Given that roots of $x^3+bx+c=0$ are $\alpha , \beta , \gamma$

Also given that

$\beta \gamma =1=-\alpha$

$\Rightarrow \alpha =-1...\left(\mathrm{i}\right)$

Now let us apply the relation between the roots of the cubic equation with the coefficients.
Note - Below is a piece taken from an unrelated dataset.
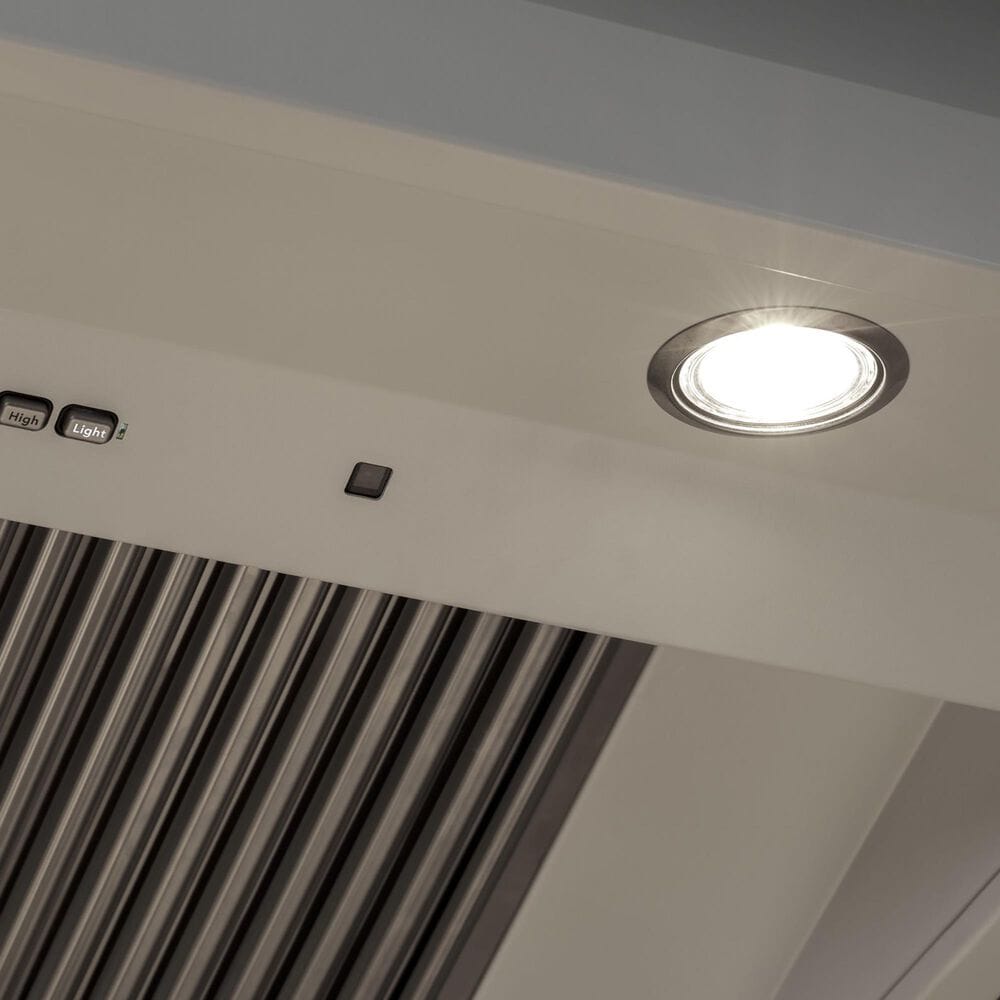 Cafe 30&quot; Commercial Range Hood in Matte White, , large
$\Rightarrow \alpha +\beta +\gamma =0...\left(\mathrm{ii}\right)$

$\Rightarrow \alpha \beta \gamma =-c...\left(\mathrm{iii}\right)$

$\Rightarrow \left(-1\right)\left(1\right)=-c$

$\therefore c=1...\left(\mathrm{iv}\right)$

On substituting the value of $\alpha =-1$ in eq $\left(ii\right)$ we get,

$\beta +\gamma =1...\left(\mathrm{v}\right)$

$\because \alpha \beta +\beta \gamma +\gamma \alpha =b$

$\Rightarrow \alpha \left(\beta +\gamma \right)+\beta \gamma =b$

$\therefore b=0...\left(\mathrm{vi}\right)$

Hence, equation will be,

$x^3+1=0$

Whose roots will be, $-1,-\omega , -{\omega }^2$

We know that $1+\omega +{\omega }^2=0$

$\Rightarrow \alpha +\beta +\gamma =0$

$\Rightarrow -1+\beta +\gamma =0$

$\therefore \beta =-\omega , \gamma =-{\omega }^2...\left(\mathrm{vii}\right)$

$\Rightarrow {\beta }^3=-{\omega }^3=-1$ and $\Rightarrow {\gamma }^3=-{\omega }^6=-1$

Hence the value of 

$b^3+2c^3-3{\alpha }^3-6{\beta }^3-8{\gamma }^3$ is

$=0+2+3+6+8$

$=19$

Hence this is the correct option.